17 Tahun Anambas Berdiri, BBM, Listrik, dan SPAM Masih Jadi Masalah, Tokoh Masyarakat Soroti Kinerja Pemerintah
Anambas, Jurnalsidik.com – Salah satu tokoh masyarakat Kabupaten Kepulauan Anambas, Muhammad Fadil Hasan, angkat bicara terkait berlarut-larutnya persoalan kebutuhan dasar masyarakat seperti Bahan Bakar Minyak (BBM), listrik dari PLN, dan Sistem Penyediaan Air Minum (SPAM).
Muhammad Fadil Hasan yang juga menjabat sebagai Ketua Bidang Hukum dan Humas BP2KKA Pusat serta Ketua Dewan Pembina LSM Anti Korupsi FORTARAN, menyampaikan keprihatinannya terhadap minimnya perhatian pemerintah terhadap persoalan dasar tersebut.

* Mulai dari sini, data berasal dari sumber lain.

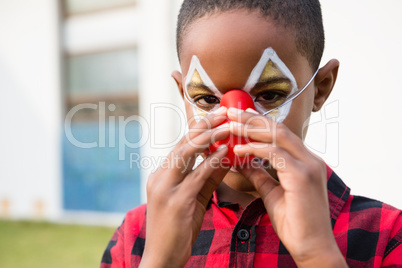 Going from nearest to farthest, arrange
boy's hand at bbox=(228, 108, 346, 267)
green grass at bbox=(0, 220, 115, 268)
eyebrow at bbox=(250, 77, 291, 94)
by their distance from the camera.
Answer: boy's hand at bbox=(228, 108, 346, 267)
eyebrow at bbox=(250, 77, 291, 94)
green grass at bbox=(0, 220, 115, 268)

“Masalah seperti BBM, listrik, dan SPAM adalah kebutuhan mendasar yang seharusnya menjadi prioritas kepala daerah. Saya prihatin, sudah 17 tahun Anambas berdiri sebagai kabupaten, tapi masalah ini tak juga selesai,” ujar Fadil saat dihubungi melalui WhatsApp di Jakarta, Selasa (10/6/2025).

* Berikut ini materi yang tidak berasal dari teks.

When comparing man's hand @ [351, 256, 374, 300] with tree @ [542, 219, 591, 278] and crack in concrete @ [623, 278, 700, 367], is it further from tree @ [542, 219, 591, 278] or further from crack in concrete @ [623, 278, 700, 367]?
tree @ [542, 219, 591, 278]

Ia menyesalkan sikap saling lempar tanggung jawab antara instansi terkait. Menurutnya, pemerintah pusat dan daerah seakan tidak memiliki koordinasi yang baik dalam menyelesaikan masalah tersebut.
“PLN katanya urusan pusat, BBM urusan provinsi, SPAM urusan bupati. Semua saling menyalahkan. Kalau ada niat baik, seharusnya bisa duduk bersama mencari solusi. Tapi yang terjadi justru sebaliknya, seperti tidak ada niat menyelesaikannya,” kritiknya.

Fadil juga menyinggung soal minimnya sikap responsif dari anggota DPRD, khususnya yang baru dilantik. Ia menilai para wakil rakyat belum menunjukkan kepedulian terhadap isu-isu mendesak yang dihadapi masyarakat.
“Anggota dewan pun tidak pernah bersuara tentang urusan rakyat. Katanya wakil rakyat, tapi tidak terdengar suaranya. Khususnya yang baru dilantik, sejak menjabat belum terdengar keberpihakannya pada kepentingan masyarakat,” tambahnya.
Terkait SPAM, Fadil mengungkapkan bahwa proyek ini sudah berjalan sejak masa Bupati pertama Anambas, Tengku Mukhtaruddin. Namun hingga kini, proyek tersebut belum juga tuntas meski telah menelan anggaran miliaran rupiah.
“SPAM ini dari zaman Satiar yang sekarang jadi Sekda sudah ada, bahkan sejak masa Bupati Tengku Mukhtaruddin. Puluhan miliar sudah dihabiskan, tapi belum juga selesai. Ke mana perginya uang sebanyak itu? Miris melihat kondisi kampung kita ini,” pungkasnya.
Pernyataan keras Fadil Hasan ini menjadi cerminan kekecewaan masyarakat terhadap kinerja pemerintah daerah dan pusat dalam menangani persoalan yang bersentuhan langsung dengan kebutuhan hidup warga.